This is an early bet on back-office automation because AI-led accounts receivable tools are becoming a practical lever for cash collection and finance team productivity.

French financial services startup Cleavr has raised EUR 1 million in funding, according to EU-Startups. The round was backed by Kima Ventures, alongside Better Angle and angel investors Raphaël Nahum, Régis Samuel and Olivier Brourhant. The company says it will use the capital to automate accounts receivable workflows with AI.

What the funding says about Cleavr’s positioning

Receivables is a crowded workflow category, but it remains stubbornly manual in many mid-sized organisations. The day-to-day work still depends on chasing invoices, reconciling payments, handling disputes and keeping customer communications consistent. Cleavr’s pitch is straightforward: apply AI to remove friction across the AR chain rather than adding another dashboard for finance teams to manage.

With only the headline funding details disclosed, the immediate read is that Cleavr is aiming to prove two things quickly:

  • Workflow depth: automation that touches collections, follow-ups and exception handling, not just reminders.
  • Integration reality: AR tools live and die by how well they sit with accounting systems, CRMs and payment rails.

Why this round matters more than the amount

EUR 1 million is not a scale-up round. It is a validation round, and the investor mix reflects that. Kima Ventures is known for high-velocity early-stage investing, while the participation of multiple named angels typically signals a focus on execution support and commercial introductions.

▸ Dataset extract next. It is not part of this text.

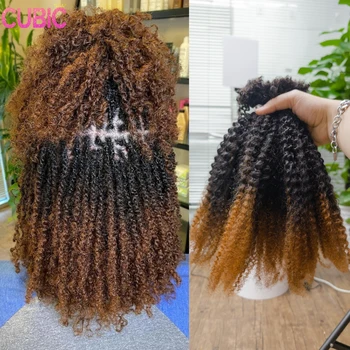 4C Kinky Twist Crochet Braiding Hair 100% Human Hair Dreadlocks Extensions 16" Curly Human Hair QVR Afro Kinky Bulk Hair T1B-30# 1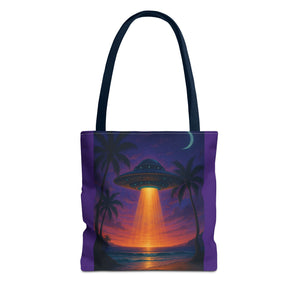 UFO at Beach Sunset Tote Bag, Purple - 3 Sizes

In AR automation, speed matters because incumbents and adjacent platforms can close feature gaps quickly. A small round can still be strategically meaningful if it funds:

  • Product hardening: reducing false positives, tightening workflows, and making automation predictable for finance users.
  • Repeatable deployment: shortening implementation time and proving integrations that do not break in real-world environments.
  • Go-to-market focus: narrowing the initial customer profile where ROI is clearest and churn risk is lowest.

Execution risks to watch

The opportunity is clear, but the risks are also familiar in finance workflow software:

  • Data quality and edge cases: AR is full of exceptions (partial payments, credit notes, disputes, multi-entity ledgers). AI features must handle messy inputs without creating new reconciliation work.
  • Trust and control: finance teams will not tolerate automation that feels opaque. If users cannot audit actions and override decisions, adoption can stall.
  • Integration burden: each new accounting package, payment provider or ERP adds complexity. The fastest route to traction is usually a tight set of integrations, not a broad promise.

What to expect next

With limited public detail beyond the raise and intended use of proceeds, the next milestones will likely be product and commercial proof points: reference customers, measurable impact on days sales outstanding or collections effort, and integrations that make deployments repeatable.

For now, the announcement positions Cleavr in a high-demand corner of financial operations: using AI to turn receivables from a manual chase into a managed workflow.